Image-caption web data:
=======
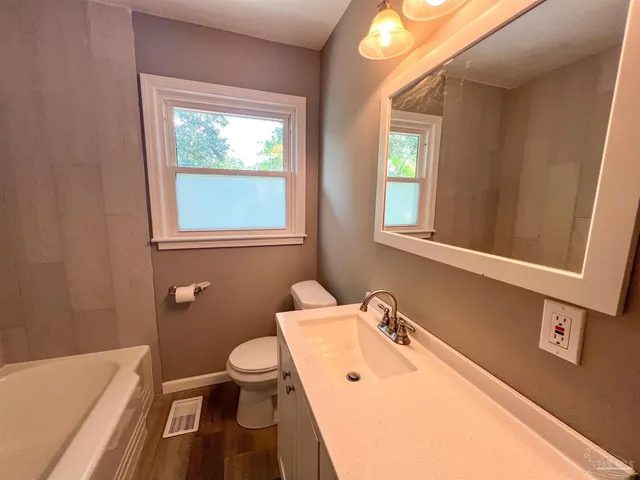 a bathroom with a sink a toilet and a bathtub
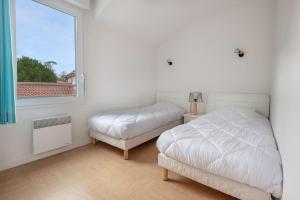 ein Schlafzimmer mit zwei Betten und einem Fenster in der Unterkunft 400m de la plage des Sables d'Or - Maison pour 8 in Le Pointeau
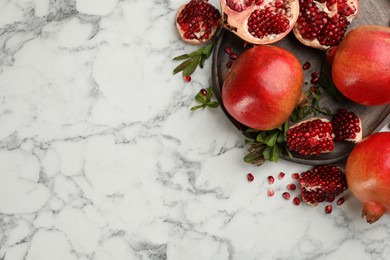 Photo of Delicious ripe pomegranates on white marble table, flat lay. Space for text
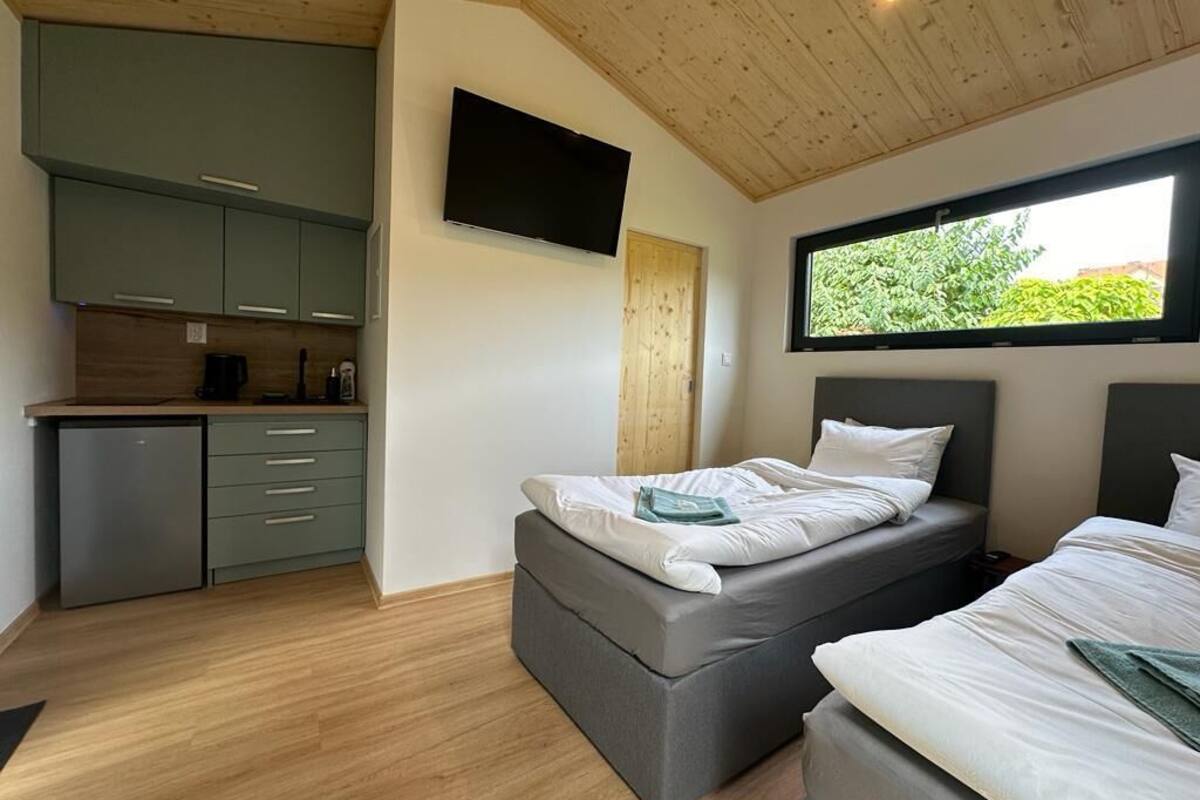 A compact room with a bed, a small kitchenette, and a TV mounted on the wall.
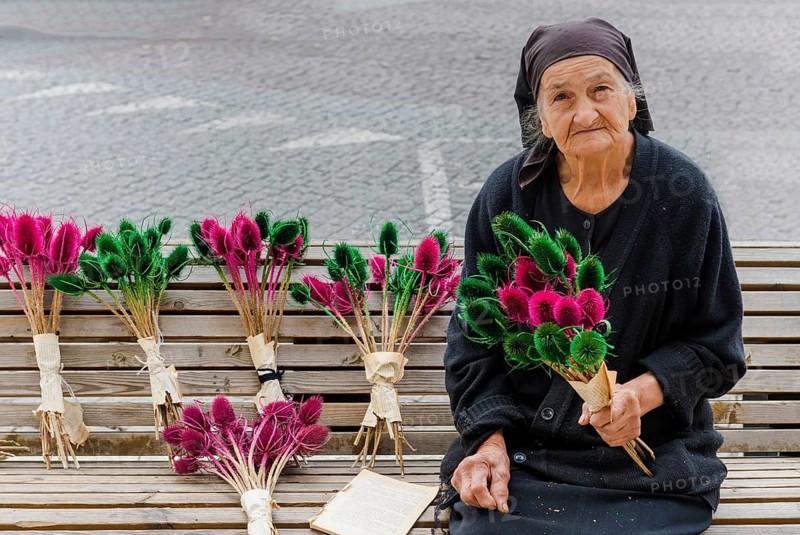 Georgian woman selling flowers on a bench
=======
● **Task statement**
Your answer must be the lines from the line containing "ein Schlafzimmer mit" through the final line of the data, written out exactly, both ends included and pictures left out.

● **Problem solution**
 ein Schlafzimmer mit zwei Betten und einem Fenster in der Unterkunft 400m de la plage des Sables d'Or - Maison pour 8 in Le Pointeau
 Photo of Delicious ripe pomegranates on white marble table, flat lay. Space for text
 A compact room with a bed, a small kitchenette, and a TV mounted on the wall.
 Georgian woman selling flowers on a bench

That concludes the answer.